For the purpose of benchmark we want to create a
hash or hash reference of the ads given these 4 criteria
Benchmark Data :
Our benchmark data consists of 100
publishers, 3 sizes, 4 types and 20 ip numbers which makes it a data
structure containing 24,000 combination of attributes. Each combination in turn
contains 10 advertisements
Benchmark alternatives :
We have populated this data into
a) A pure in memory multi-level hash : Before
starting the actual benchmark the program populates a multi-level hash... each
of which finally points to the advertisements. Objective is to pick the last
level hash of advertisements
b) Flat file : Create a Linux directory structure
with the same hierarchy as the attributes....i.e., directory structure has
<publishers>/<sizes>/<types>/<ip numbers>. ip numbers is
the file name which contains a list of ads. Objective is to pick the right file,
open this file and create a hash with the contents of the file.
c) Postgres : Create a table with composite primary
key <publisher>,<sizes>,<types>,<ip numbers>.
Objective is to pick an hash reference of all rows given an attribute
combination
d) Storable : Store the multi-level hash into disk
file using Storable.pm.
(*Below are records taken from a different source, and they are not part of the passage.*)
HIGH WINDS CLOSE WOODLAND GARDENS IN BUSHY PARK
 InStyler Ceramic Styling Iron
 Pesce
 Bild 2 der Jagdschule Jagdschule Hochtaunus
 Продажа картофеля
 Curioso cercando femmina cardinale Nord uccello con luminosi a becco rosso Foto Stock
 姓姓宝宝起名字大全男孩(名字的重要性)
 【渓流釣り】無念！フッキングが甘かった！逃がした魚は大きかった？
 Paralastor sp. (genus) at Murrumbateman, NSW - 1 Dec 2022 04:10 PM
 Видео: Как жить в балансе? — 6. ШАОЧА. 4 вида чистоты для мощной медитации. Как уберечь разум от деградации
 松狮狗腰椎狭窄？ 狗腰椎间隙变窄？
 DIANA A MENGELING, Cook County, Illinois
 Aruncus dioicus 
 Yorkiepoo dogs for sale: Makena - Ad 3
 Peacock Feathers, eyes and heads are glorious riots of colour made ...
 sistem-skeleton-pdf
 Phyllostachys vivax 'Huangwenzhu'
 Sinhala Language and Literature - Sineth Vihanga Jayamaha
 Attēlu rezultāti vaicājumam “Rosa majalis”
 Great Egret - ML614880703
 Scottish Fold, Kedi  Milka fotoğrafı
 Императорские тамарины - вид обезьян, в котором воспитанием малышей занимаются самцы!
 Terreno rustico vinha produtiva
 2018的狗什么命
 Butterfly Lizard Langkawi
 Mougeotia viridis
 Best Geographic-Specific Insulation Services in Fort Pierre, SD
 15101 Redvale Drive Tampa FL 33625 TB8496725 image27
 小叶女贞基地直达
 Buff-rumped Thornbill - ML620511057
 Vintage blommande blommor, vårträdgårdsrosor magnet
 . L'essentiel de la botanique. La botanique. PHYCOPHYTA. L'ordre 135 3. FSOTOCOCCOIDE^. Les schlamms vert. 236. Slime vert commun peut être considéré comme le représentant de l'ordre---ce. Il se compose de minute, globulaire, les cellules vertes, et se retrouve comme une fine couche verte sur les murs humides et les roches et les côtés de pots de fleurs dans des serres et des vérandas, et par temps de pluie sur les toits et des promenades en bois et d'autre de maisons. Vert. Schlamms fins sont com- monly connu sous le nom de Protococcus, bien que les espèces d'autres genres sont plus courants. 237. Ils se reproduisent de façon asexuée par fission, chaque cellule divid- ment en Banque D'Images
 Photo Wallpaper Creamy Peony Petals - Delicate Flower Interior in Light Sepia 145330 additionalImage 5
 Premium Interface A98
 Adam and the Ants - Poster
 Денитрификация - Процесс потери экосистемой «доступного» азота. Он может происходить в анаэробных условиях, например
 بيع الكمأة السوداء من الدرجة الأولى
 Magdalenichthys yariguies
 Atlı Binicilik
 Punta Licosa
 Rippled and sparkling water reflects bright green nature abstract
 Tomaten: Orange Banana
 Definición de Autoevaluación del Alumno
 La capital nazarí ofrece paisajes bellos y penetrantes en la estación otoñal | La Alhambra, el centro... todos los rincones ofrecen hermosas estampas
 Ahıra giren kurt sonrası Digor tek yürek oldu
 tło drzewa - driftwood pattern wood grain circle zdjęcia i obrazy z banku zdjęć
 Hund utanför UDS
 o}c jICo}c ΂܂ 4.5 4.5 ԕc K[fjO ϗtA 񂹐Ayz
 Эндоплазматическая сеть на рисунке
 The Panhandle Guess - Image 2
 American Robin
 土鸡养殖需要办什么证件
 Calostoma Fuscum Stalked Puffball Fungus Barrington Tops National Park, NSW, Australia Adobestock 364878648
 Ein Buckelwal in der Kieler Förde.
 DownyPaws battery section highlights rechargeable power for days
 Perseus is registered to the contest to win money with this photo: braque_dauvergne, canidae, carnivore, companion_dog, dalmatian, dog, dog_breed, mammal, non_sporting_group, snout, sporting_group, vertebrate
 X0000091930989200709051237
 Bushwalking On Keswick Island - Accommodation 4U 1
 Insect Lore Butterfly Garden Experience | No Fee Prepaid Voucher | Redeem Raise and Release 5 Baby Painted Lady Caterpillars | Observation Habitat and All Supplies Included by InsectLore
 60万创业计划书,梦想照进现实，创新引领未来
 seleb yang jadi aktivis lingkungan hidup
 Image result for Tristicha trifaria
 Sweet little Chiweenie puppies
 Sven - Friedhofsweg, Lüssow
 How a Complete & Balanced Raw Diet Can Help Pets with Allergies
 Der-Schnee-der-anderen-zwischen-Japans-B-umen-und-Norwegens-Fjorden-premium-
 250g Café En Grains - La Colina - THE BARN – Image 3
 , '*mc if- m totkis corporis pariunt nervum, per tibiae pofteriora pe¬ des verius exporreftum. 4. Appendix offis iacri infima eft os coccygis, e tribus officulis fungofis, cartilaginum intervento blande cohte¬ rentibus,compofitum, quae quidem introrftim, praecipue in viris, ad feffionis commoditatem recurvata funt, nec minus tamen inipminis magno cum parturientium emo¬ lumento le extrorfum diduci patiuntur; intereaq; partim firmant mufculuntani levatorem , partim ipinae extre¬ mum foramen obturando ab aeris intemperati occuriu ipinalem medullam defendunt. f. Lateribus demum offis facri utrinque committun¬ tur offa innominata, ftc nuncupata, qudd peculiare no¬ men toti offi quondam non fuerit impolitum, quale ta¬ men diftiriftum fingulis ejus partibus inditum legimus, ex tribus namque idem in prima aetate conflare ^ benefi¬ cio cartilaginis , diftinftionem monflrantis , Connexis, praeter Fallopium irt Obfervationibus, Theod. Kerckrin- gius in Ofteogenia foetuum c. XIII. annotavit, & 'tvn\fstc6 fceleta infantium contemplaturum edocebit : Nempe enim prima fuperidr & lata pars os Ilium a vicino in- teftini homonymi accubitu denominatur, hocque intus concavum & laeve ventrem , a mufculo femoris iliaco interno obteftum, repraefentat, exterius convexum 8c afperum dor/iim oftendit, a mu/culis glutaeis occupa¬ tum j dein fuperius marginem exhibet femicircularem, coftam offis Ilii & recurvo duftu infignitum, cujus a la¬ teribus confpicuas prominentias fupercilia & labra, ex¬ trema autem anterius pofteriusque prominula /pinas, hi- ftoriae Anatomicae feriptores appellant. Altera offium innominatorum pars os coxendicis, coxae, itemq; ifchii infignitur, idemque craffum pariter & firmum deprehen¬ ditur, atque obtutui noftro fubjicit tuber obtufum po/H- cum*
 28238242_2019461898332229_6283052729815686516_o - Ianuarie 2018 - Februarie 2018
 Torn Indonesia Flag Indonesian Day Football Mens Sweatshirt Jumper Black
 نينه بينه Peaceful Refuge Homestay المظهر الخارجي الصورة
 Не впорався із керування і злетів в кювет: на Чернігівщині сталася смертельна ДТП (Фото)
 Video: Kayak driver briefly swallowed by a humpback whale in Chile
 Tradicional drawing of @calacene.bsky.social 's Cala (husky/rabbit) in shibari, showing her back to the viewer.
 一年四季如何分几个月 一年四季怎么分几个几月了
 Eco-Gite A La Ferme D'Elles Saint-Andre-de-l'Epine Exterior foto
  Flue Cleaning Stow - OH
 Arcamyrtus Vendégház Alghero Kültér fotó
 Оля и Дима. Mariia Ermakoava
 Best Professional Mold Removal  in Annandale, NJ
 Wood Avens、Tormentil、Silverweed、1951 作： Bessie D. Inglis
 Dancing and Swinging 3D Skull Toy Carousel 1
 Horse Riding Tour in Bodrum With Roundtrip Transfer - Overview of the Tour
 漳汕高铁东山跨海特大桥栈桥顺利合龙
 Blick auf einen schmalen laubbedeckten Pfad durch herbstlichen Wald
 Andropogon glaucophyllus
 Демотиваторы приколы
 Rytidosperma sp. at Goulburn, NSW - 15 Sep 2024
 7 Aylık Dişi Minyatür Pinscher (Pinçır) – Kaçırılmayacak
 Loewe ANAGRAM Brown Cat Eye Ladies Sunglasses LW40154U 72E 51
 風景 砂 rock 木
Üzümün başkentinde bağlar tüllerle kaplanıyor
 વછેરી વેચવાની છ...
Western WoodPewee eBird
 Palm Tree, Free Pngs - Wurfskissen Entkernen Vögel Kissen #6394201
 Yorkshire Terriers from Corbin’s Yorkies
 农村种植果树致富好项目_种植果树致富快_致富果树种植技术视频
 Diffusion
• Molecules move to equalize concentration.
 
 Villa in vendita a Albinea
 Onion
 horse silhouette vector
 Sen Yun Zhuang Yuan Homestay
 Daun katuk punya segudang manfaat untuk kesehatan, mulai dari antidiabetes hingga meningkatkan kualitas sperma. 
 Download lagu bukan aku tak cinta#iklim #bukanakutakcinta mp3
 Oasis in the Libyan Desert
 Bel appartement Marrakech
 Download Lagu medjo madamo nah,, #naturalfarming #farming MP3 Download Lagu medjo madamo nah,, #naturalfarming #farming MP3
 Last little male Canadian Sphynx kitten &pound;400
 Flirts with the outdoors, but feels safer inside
Objective : Read the storable file into
memory and pick last level hash of ads.
e) MLDBM : Populate an MLDBM data structure using
MLDBM. Identical to Storable except we are using MLDBM.pm
H/W : Celeron 433 with 64 MB RAM, IDE HDD using RH
6.1, perl 5.005, Postgres 6.5.3
Benchmark run :
A benchmark run consists of accessing each of the
Benchmark alternatives 40 times. i.e., we generate a random combination of the 4
selection attributes 40 times, access a particular data structure and pick up
the ads.
We repeat this process twice to ensure that we are
getting consistent results
Benchmark results :
hash: 0 wallclock secs ( 0.00 usr +
0.00 sys = 0.00 CPU)
flatfile: 5 wallclock secs ( 0.08 usr + 0.11 sys = 0.19 CPU) postgres: 36 wallclock secs ( 0.04 usr + 0.01 sys = 0.05 CPU) storable: 17 wallclock secs (16.24 usr + 0.61 sys = 16.85 CPU) mldbm: 0 wallclock secs ( 0.08 usr + 0.08 sys = 0.16 CPU) Benchmark interpretation :
We did not want to write this section... but we
have interpreted these results and chosen mldbm.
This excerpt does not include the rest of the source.